Loving God, I come before you in my most desperate hour. I find myself surrounded by fear, uncertainty, and anxiety. There are times when I feel utterly alone and isolated. But, I know that you are the same God who healed the blind, cured the lame, and even raised Lazarus from the dead. Lord, I ask that you make your presence known to me. Fill my heart and mind with your strength and your peace. In your own time, heal my body and spirit, and restore me to health. And, in all I do, may I remember that you are always walking with me, and that I am never truly alone. All this I ask in your son, Jesus’s, holy name. Amen. (Chase Ackerman, Rector, St. John’s Episcopal Church, Decatur, Alabama)
Psalm 23; Matthew 14: 22-36
“Are not two sparrows sold for a penny? Yet not one of them will fall to the ground outside your Father’s care. And even the very hairs on your head are all numbered. So don’t be afraid; you are worth more than many sparrows.” Matthew 10:29-32 (NIV)

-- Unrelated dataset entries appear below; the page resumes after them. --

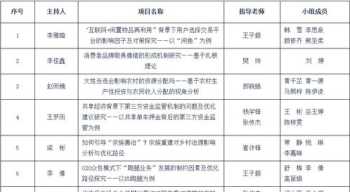 思维导图软件免费版 思维导图软件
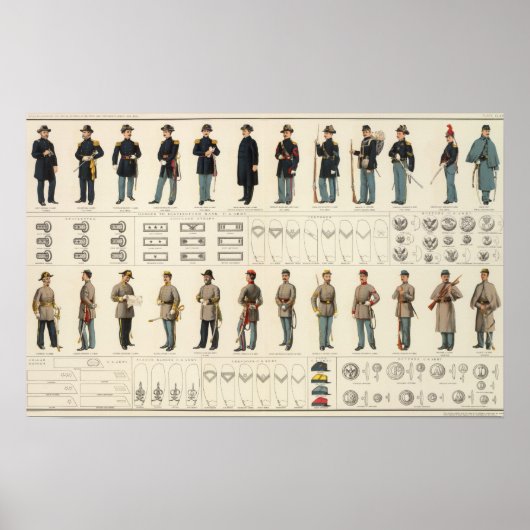 Eenvormige, Amerikaanse, CS-legers Poster (Voorkant)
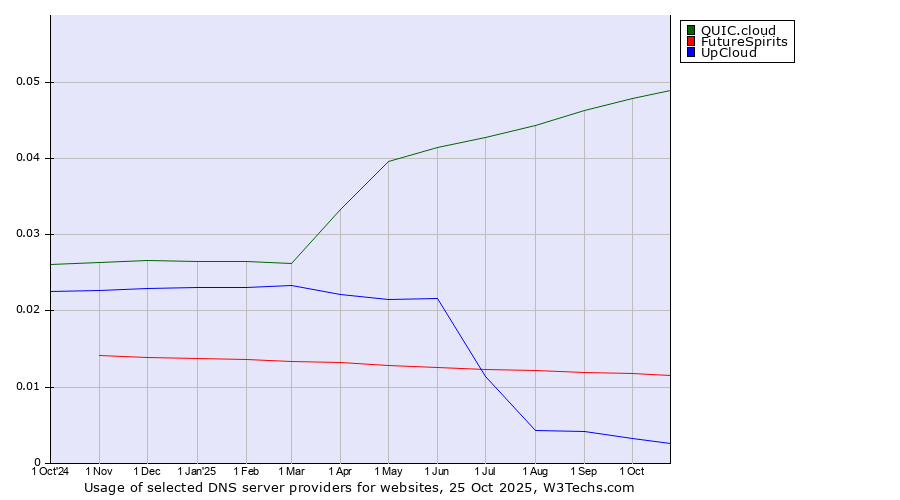 Historical trends in the usage of QUIC.cloud vs. FutureSpirits vs. UpCloud
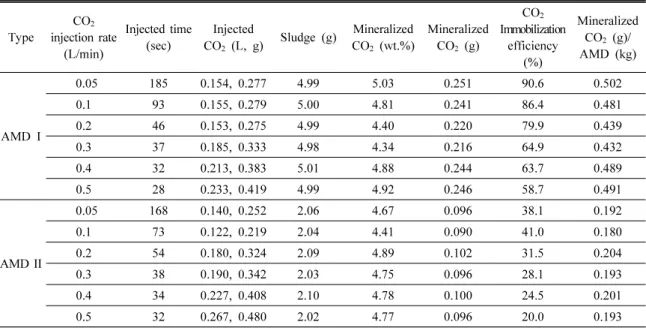 Table 4. Calculation of mineralized CO 2  in sludges by neutralization-carbonation treatment of AMD I and AMD II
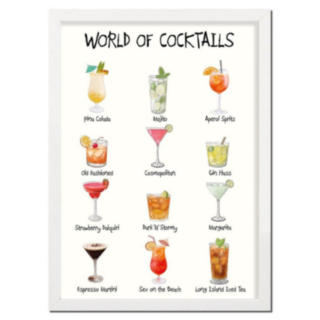 World Of Cocktails A4 Juliste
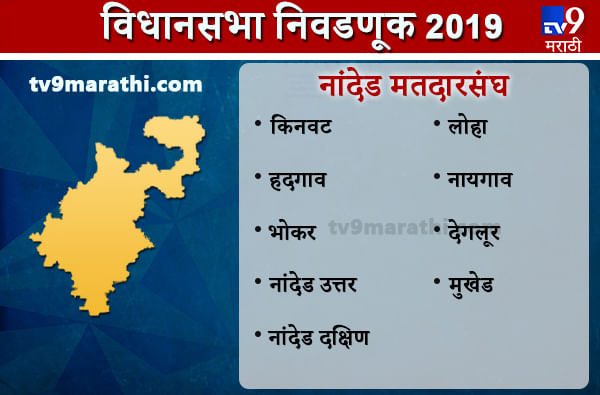 Nanded district Assembly results | नांदेड जिल्हा विधानसभा निकाल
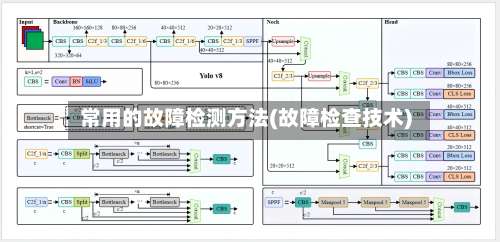 常用的故障检测方法(故障检查技术)-第2张图片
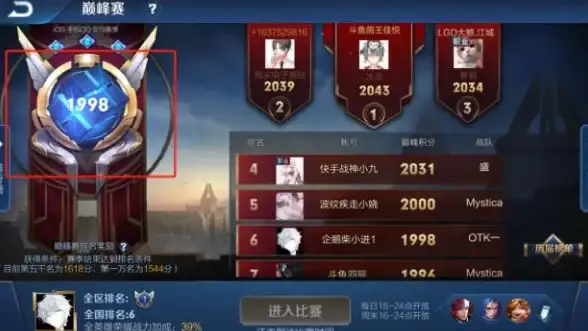 重磅·数据说话·精确洞察｜英雄联盟端游段位分布全面解读，助你快速跃升战力！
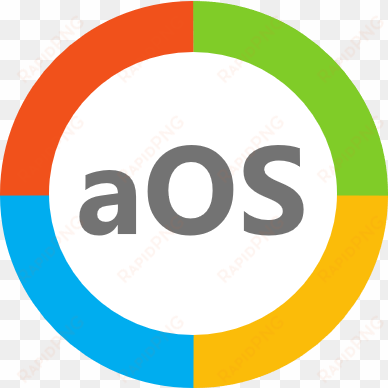 aos community - office 365
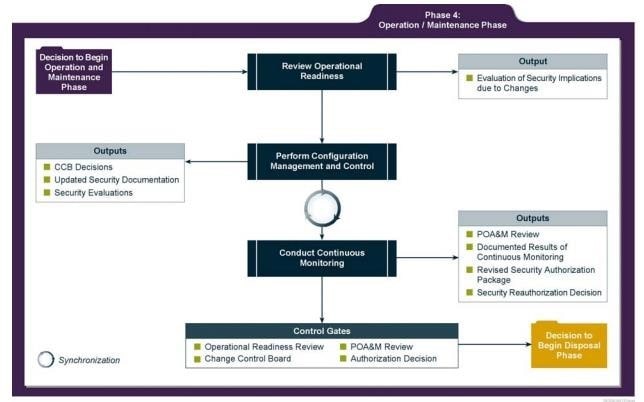 Security Considerations during Implementation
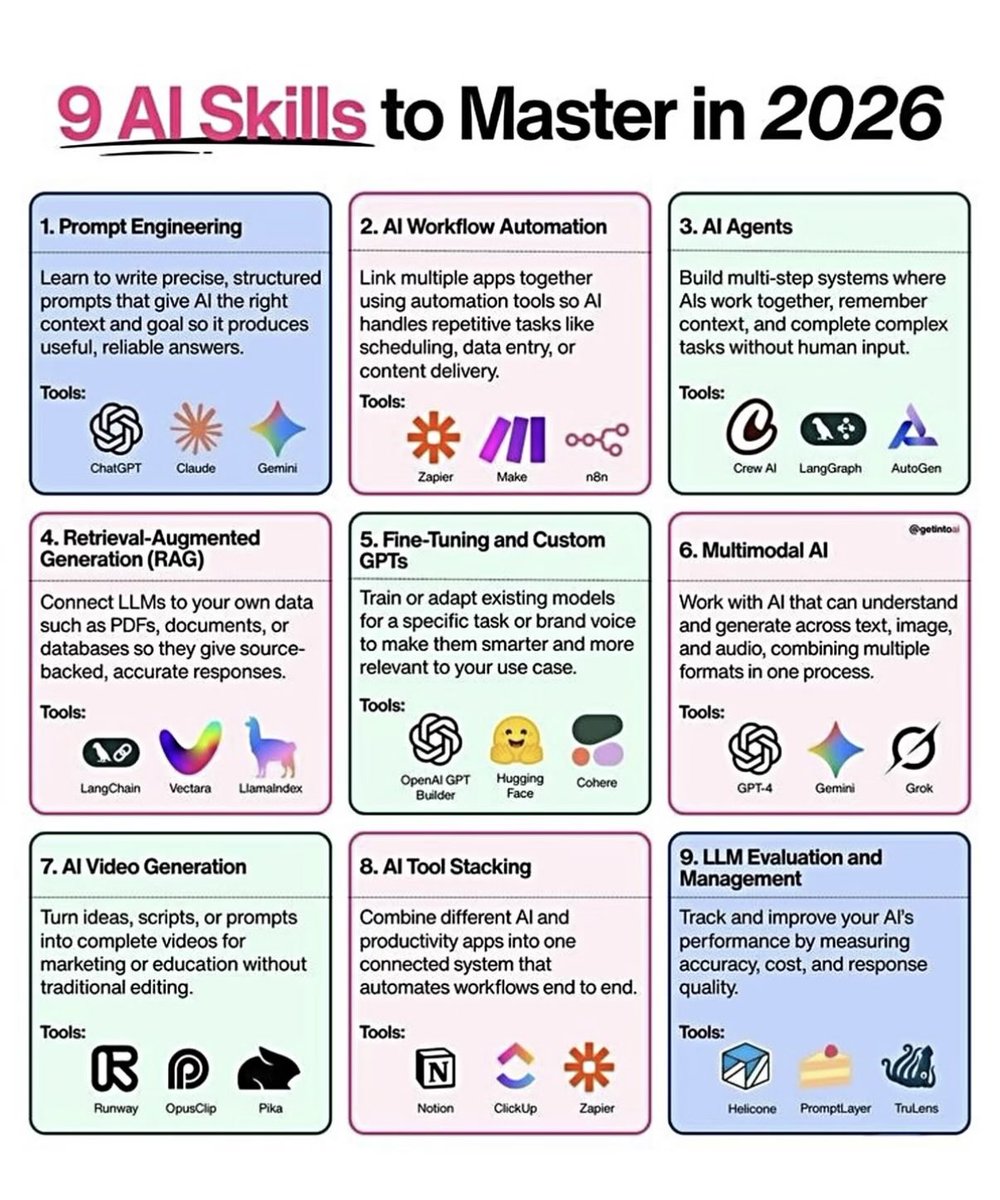 9 AI Skills to master in 2026. 1. Prompt Engineering Learn to write ...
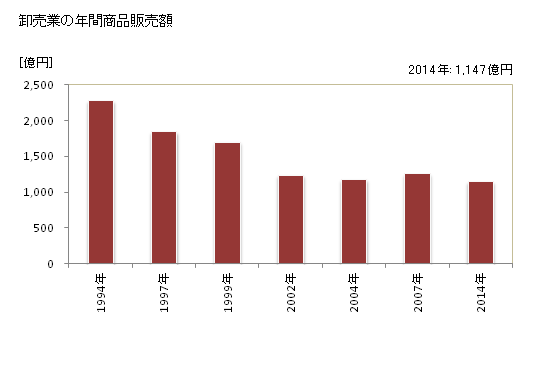 グラフ 年次 八代市(ﾔﾂｼﾛｼ 熊本県)の商業の状況 卸売業の年間商品販売額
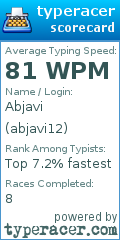 Scorecard for user abjavi12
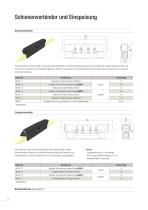 Isolierte Schleifleitung SinglePowerLine Programm 0813 - 12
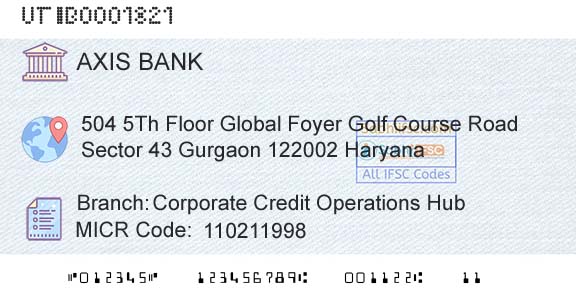 Axis Bank Corporate Credit Operations HubBranch 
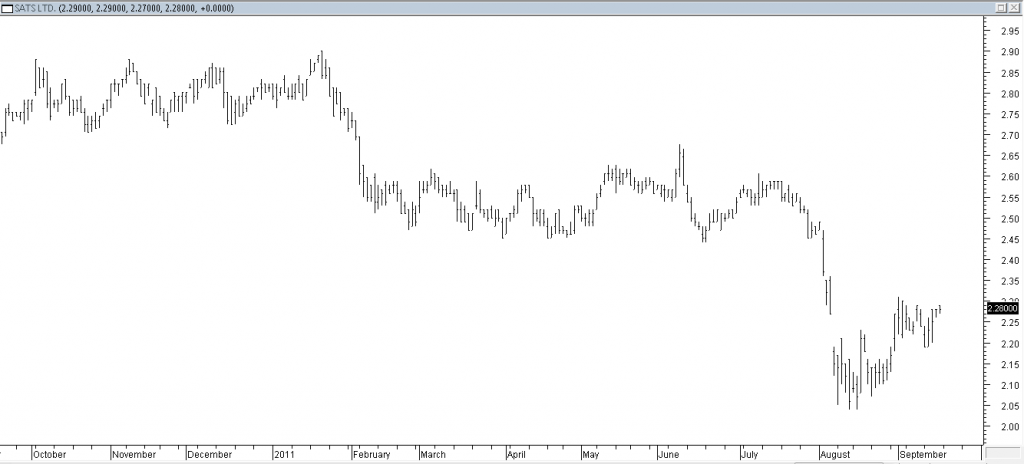 SATS - Shorting Using Trendline Break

“Do not be afraid or terrified because of them, for the Lord your God goes with you; he will never leave you nor forsake you.” Deuteronomy 31:6 (NIV)
Memorial Day was shaping up to be a wonderful day. It was mid-morning and we had just pulled into the driveway from a morning swim. The kids ran inside to grab a snack and I found my way into the backyard, pushing though the branches of an overgrown Japanese snowball tree that had begun to creep over the paver path leading to the wooden gate. Blake must have gone inside behind the kids because as I settled into the wrought iron chair on our patio, its black paint peeling to reveal its original green, the back door opened and both dogs greeted me excitedly. The sky was gloriously blue dotted with fluffy white clouds. The sun was shining bright, but it wasn’t yet too hot.
From my seat, I surveyed the half built wooden playset that we had planned to finish that day. There was only one platform left to build before we could add the slide. As I inhaled and exhaled the beginning of summer, I envisioned our kids, swinging and sliding and climbing. I looked over at the cheap inflatable aboveground pool I’d ordered online and heard their future laughs. I could even smell the barbeque we’d undoubtedly have while we watched our backyard fill with joy.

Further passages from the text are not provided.